Sharing our Castles Rn’t US – yet
Sharing ends at property lines, though. Who has the right to cut “their own” trees? Graze animals right by “their own’ stream. Burn old tires? Or brush? Burn wood in their fireplace in fire season? Have someone living in a motorhome or tiny home on their property? Build a septic system? Drill a well? Build a barn, a second or third home on their land?
Do you know that “life, liberty and pursuit of happiness” was borrowed from Englishman John Locke’s “life, liberty and property”? Property rights are king. No, I’m not heading for your fence with community shears. I’m talking about contractual sharing for the benefit of the property owner and those they choose to let on their land, or in their home.
Putting our houses where our mouths are?
Seniors stay put for many social and financial reasons, unintentionally limiting opportunities for younger people. To us seniors, this makes perfect sense. Where would we go? How would we afford a higher mortgage rate? What about the webs of community?

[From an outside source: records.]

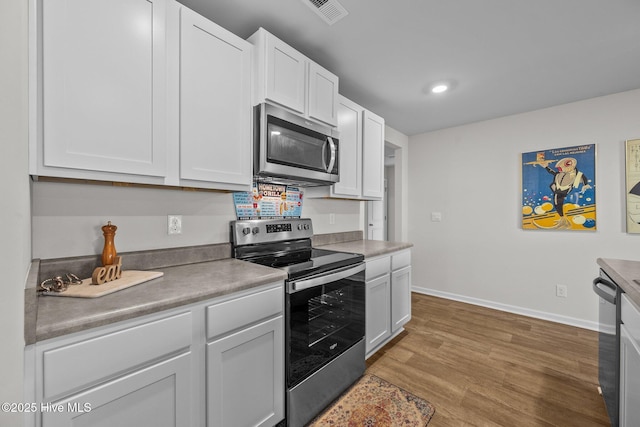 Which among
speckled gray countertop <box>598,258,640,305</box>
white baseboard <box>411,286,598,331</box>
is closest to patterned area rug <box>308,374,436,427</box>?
speckled gray countertop <box>598,258,640,305</box>

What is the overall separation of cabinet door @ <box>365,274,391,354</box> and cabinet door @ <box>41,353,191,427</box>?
4.59 ft

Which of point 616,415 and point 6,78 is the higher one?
point 6,78

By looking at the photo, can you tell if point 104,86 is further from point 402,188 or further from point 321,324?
point 402,188

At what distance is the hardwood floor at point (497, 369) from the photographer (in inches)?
64.7

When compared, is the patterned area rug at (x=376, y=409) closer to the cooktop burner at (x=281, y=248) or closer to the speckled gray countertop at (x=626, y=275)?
the cooktop burner at (x=281, y=248)

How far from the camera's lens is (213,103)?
146cm

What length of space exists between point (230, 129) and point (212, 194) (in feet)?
1.54

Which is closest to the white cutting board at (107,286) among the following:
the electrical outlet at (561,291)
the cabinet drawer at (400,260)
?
the cabinet drawer at (400,260)

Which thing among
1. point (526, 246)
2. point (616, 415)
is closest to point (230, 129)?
point (616, 415)

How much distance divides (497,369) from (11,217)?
2886mm

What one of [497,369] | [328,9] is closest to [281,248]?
[328,9]

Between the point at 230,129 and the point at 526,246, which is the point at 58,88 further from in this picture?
the point at 526,246

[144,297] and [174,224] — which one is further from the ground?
[174,224]

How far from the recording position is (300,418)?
1.48 metres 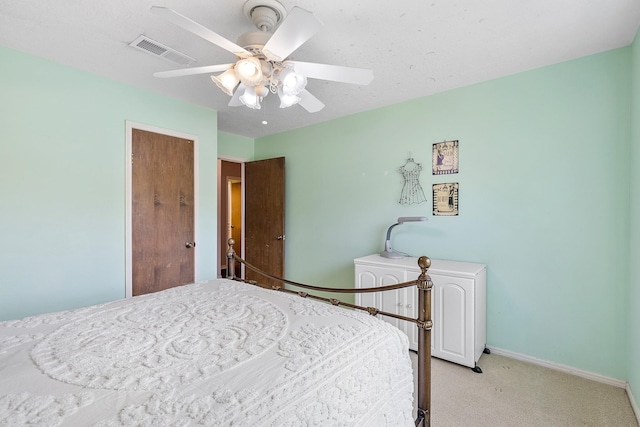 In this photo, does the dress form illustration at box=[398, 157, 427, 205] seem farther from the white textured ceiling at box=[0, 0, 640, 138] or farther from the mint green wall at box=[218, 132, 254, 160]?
the mint green wall at box=[218, 132, 254, 160]

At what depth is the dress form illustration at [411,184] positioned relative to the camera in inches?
119

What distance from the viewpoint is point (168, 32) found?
1942 mm

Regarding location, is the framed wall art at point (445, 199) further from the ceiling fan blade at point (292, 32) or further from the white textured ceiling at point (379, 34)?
the ceiling fan blade at point (292, 32)

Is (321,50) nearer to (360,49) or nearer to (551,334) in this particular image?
(360,49)

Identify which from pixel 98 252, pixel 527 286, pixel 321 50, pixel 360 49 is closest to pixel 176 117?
pixel 98 252

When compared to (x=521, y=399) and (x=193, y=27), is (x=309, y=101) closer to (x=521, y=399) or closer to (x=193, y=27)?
(x=193, y=27)

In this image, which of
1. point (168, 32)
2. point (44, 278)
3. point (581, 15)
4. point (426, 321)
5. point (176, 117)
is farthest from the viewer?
point (176, 117)

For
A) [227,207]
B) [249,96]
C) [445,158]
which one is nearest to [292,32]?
[249,96]

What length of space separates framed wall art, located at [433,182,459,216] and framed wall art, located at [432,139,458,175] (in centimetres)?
14

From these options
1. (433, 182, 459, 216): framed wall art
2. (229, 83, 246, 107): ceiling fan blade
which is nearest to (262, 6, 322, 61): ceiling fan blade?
(229, 83, 246, 107): ceiling fan blade

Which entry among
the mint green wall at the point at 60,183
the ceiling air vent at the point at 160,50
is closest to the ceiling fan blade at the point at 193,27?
the ceiling air vent at the point at 160,50

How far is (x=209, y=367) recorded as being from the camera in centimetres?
103

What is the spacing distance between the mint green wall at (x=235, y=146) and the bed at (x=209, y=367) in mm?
2986

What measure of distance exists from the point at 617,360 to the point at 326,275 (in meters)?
2.68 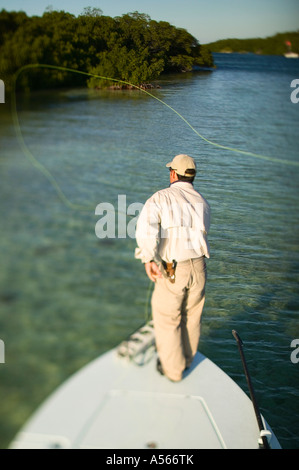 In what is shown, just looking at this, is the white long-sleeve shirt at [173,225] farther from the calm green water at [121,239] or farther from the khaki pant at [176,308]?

Perfectly healthy octogenarians like me don’t want to move from our homes with our treasured collections of art and such, and good neighbors and meaningful clubs and belonging – into a room in “a facility.” Some don’t want to relocate to a room in their children’s homes either. Nor do we want to spend down our savings to a nub and let Medicaid house us
Good, wise, loving people with large houses may not realize that our reasoned choices may make life harder for younger people. We don’t mean to. Those with a social justice bent might consider an In-Home Suite as a way to provide for themselves – and for a nurse, teacher, librarian, or barista. In this country, we are encouraged to consider our own interests first and foremost, not asking questions about how our boon might be someone else’s bust. In-Home Suites that offer privacy and safety can be a personal as well as a social good.